BJP sources told IANS that the six party members boycotted the meeting after writing a letter to Chacko on the issue and asking him to take a decision on their demand at the earliest.
One of the BJP members in the JPC – former finance minister Yashwant Sinha – told reporters here that even after 22 days of the BJP’s request for calling the four witnesses, Chacko has not responded with a decision.
“There is no reason to attend the JPC meeting till the time the chairman informs us on the final list of witnesses. Even after 22 days of our request, the chairman has been not responded with a decision. He has been dismissing our suggestions,” Sinha said.
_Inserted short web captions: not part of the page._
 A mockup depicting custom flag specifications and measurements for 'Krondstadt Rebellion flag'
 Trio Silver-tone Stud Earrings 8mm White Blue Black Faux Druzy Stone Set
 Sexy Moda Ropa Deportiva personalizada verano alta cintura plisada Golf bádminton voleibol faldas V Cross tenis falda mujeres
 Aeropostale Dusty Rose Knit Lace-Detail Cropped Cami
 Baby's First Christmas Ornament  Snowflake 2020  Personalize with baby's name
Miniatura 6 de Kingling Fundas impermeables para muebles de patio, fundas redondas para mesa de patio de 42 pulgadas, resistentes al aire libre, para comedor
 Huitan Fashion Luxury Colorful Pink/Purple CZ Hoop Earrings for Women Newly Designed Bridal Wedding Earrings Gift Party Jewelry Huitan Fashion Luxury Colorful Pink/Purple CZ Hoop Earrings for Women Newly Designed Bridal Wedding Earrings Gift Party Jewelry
He also noted that the BJP “wanted the truth to be brought out” and that was the purpose of making the demand.
“But the Congress wants to cover up the truth and is trying to waste time,” Sinha said, claiming the ruling party wanted to finalise the JPC report without the vital witnesses being questioned.
Another BJP member, Dharmendra Pradhan, echoed Sinha’s views. “The Congress does not want the truth to come out or to fight corruption,” he added.
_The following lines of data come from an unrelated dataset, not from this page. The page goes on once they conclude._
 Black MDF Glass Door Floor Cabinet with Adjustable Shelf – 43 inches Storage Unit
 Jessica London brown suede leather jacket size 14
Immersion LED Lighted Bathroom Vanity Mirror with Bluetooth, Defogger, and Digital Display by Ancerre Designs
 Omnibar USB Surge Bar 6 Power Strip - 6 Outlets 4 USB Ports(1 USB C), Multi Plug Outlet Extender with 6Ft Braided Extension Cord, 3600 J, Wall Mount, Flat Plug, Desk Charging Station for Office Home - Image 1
Chacko said no parliamentary panel has ever summoned a prime minister to depose before it and that he could not allow such a demand.
On other ministers being called before the JPC, the Congress MP said the rules did not permit this too, though he has now referred the demand to the speaker for a decision.
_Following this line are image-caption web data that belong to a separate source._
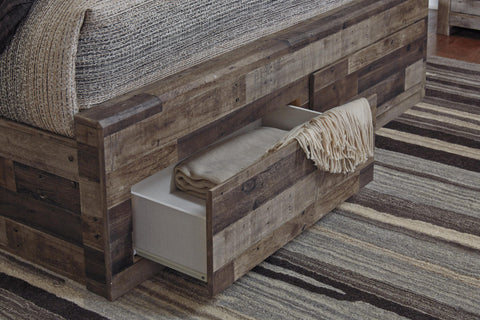 Kensley Panel Bed with 6 Storage Drawers with Mirrored Dresser, Chest and Nightstand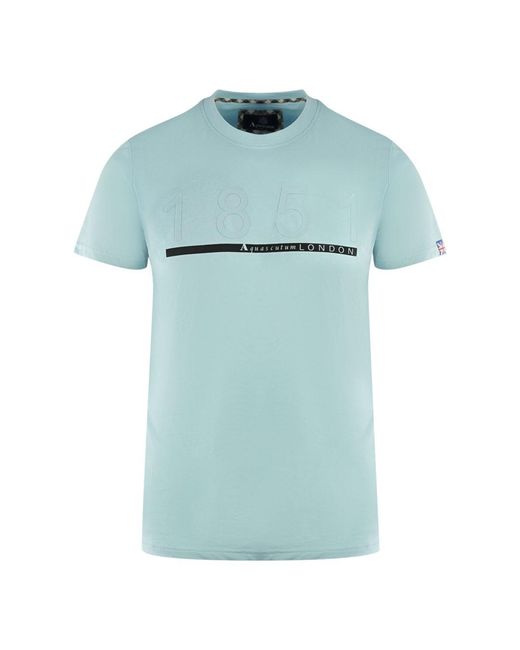 Aquascutum Blue London 1851 Sky T-Shirt Cotton for men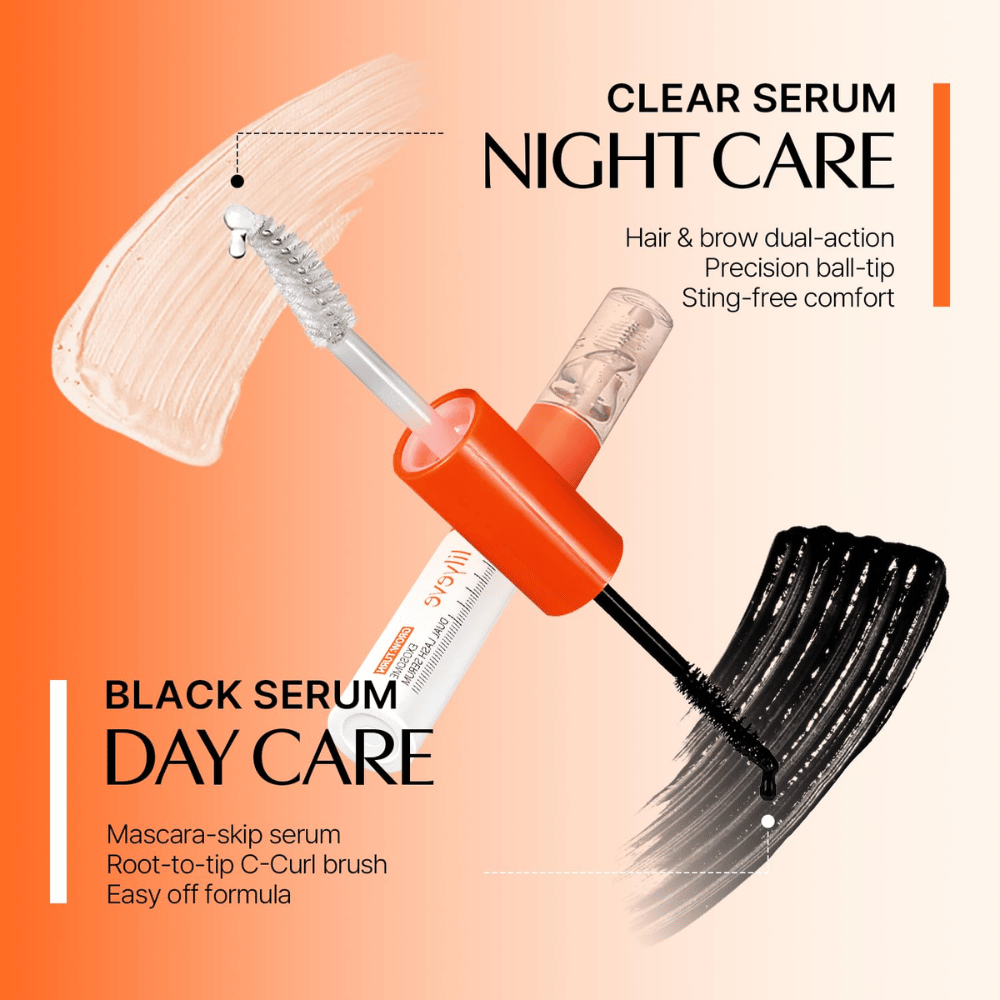 LILYEVE Grow Turn Exosome Dual Lash Serum con sérum nocturno transparente y sérum diurno negro en un envase de doble cara.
Chacko also noted that the JPC was looking at spectrum policies from 1998 to 2009, and that if the yardstick the BJP wants applied in the case of Chidambaram was applied to the NDA rule period between 1998 and 2004, then two members of the JPC from the BJP – Yashwant Sinha and Jaswant Singh – too may have to be called to depose.
“This will pose difficulties for me as the chairperson. I cannot allow such a situation,” he said.
On the BJP calling him “dictatorial”, Chacko said: “I am not unhappy over this. This is a political stand of the BJP members. However, in person, they have a lot of love and affection for me. Personally, they are very close to me.”
Meanwhile, Communist Party of India (CPI) leader Gurudas Dasgupta walked out of the meeting after a war of words with Congress member Shashi Tharoor over what the former called “defending” a witness who is deposing being against the procedures of the panel.
“I walked out as defending a witness when the witness is deposing before a committee is against the procedures. Tharoor has created a bad precedence,” Dasgupta told reporters here.